Lebedev dismissed the Sochi Election Commission’s explanation that he had violated rules in registering his candidacy as “nonsense.”
He vowed Saturday to appeal to the Supreme Court to cancel the April 26 vote _ which has become one of Russia’s most intriguing political battles in years and a test of its democratic pledges despite years of increasing Kremlin control over politics.
The election winner is likely to have some say over how billions of dollars will be allocated for Olympic construction in the subtropical resort on the Black Sea. The city will host the winter games in 2014, taking place just a few weeks before the new mayor’s five-year term ends.
“It’s all nonsense,” Lebedev told The Associated Press. “The authorities will do anything they can to falsify the result.”

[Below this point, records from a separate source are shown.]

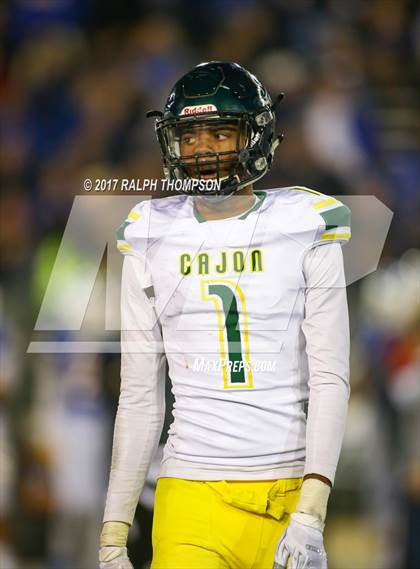 Thumbnail 2 in Cajon vs. Serra (CIF State D2-AA Final) photogallery.
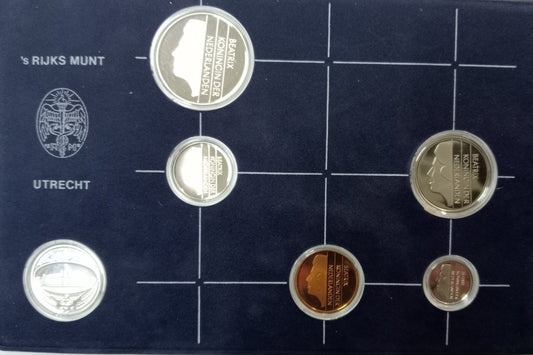 1983 Różne Guldeny Zestaw PROOF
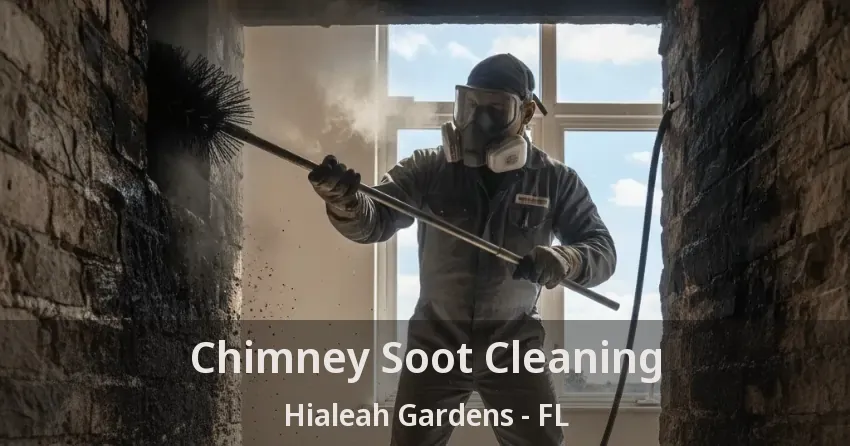 Chimney Soot Cleaning Hialeah Gardens - FL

Lebedev _ a banker, investor and former lawmaker who’s holdings include about one-third of Russian flag-carrier Aeroflot, as well as stakes in newspapers Novaya Gazeta and London’s Evening Standard _ frequently speaks out against government policies, but never criticizes leaders directly.
He is not the only Sochi mayoral candidate complaining about alleged interference in favor of the pro-Kremlin incumbent, Anatoly Pakhomov.
Another anti-government candidate, former Deputy Prime Minister Boris Nemtsov, has posted photographs on his Internet blog that appear to show Kremlin-run youth groups picketing his campaign events.
Both Nemtsov and Lebedev have said authorities illegally seized campaign literature and denied local media access. They also have complained about being blocked from meeting their supporters, and charge that area employers have pressured thousands to vote in early balloting for Pakhomov, even arranging for special buses to take them to voting stations.
The Sochi Elections Commission decided late Friday to strike Lebedev from the ballot, after an appeals court Thursday upheld a ruling that he had misfiled financial statements when registering his candidacy last month.
“We are crossing his name off on all the ballots,” commission spokeswoman Natalya Tkachyova said, adding that any of the 2,000 or so votes cast so far in early balloting would be voided if they were for Lebedev.
The initial complaint against Lebedev’s candidacy was filed by local businessman Vladimir Trukhanovsky _ one of six candidates still on the Sochi mayoral ballots.
Others include a local Communist Party leader and a member of a Kremlin-friendly nationalist party. Andrei Bogdanov, a presidential candidate last year, dropped out of the running last week.